<<<<
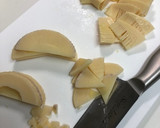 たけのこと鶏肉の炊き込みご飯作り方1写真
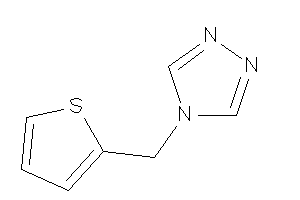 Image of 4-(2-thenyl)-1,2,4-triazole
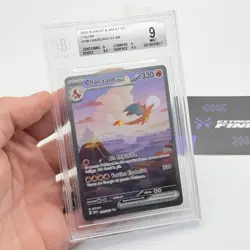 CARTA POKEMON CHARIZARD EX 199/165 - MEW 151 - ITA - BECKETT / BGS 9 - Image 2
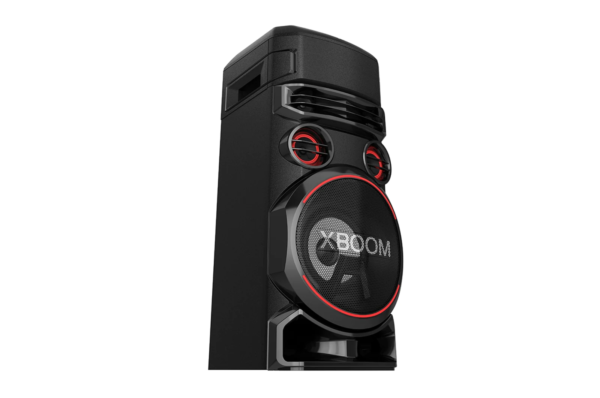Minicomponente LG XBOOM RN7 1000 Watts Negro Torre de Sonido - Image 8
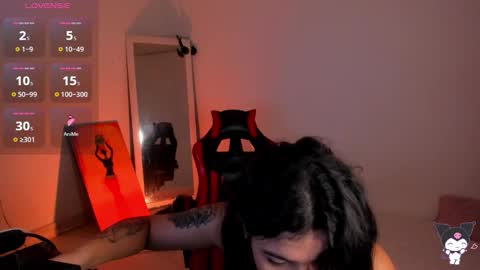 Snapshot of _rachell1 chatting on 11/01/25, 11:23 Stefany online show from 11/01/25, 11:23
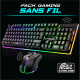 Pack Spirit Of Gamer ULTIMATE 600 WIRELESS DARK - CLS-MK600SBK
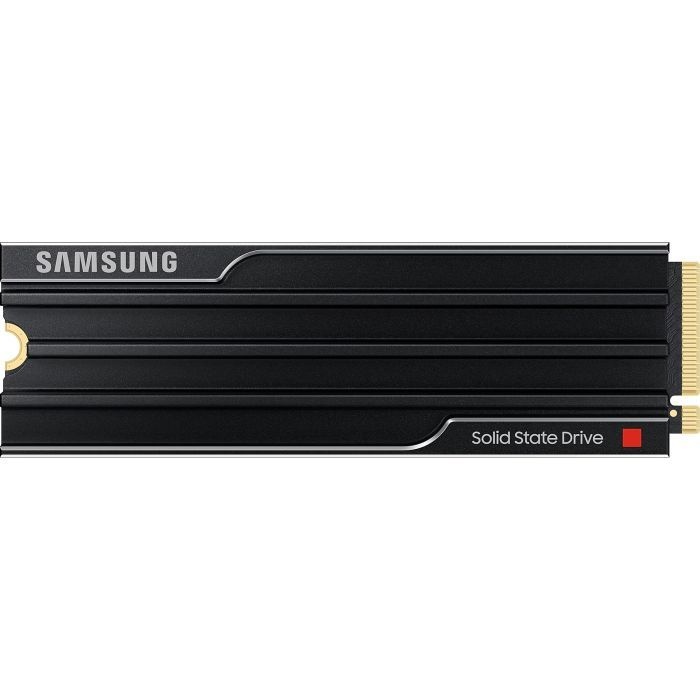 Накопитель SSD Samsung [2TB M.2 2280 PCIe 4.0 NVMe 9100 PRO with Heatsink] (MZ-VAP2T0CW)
>>>>
<<<<
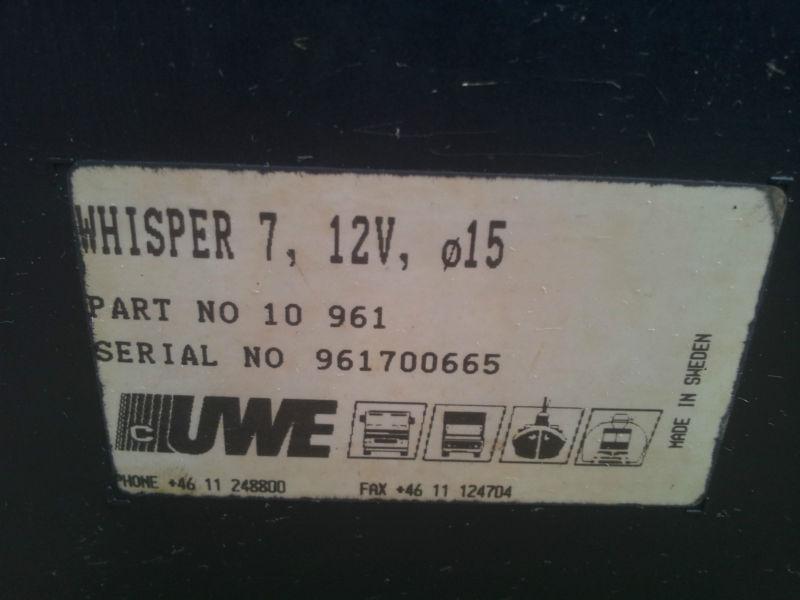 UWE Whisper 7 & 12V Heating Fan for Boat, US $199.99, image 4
>>>>
TASK STATEMENT:
With the pictures left out, write out exactly the lines above from the one containing "Minicomponente LG XBOOM" through the one containing "Накопитель SSD Samsung".

RESPONSE AREA:
Minicomponente LG XBOOM RN7 1000 Watts Negro Torre de Sonido - Image 8
 Snapshot of _rachell1 chatting on 11/01/25, 11:23 Stefany online show from 11/01/25, 11:23
 Pack Spirit Of Gamer ULTIMATE 600 WIRELESS DARK - CLS-MK600SBK
 Накопитель SSD Samsung [2TB M.2 2280 PCIe 4.0 NVMe 9100 PRO with Heatsink] (MZ-VAP2T0CW)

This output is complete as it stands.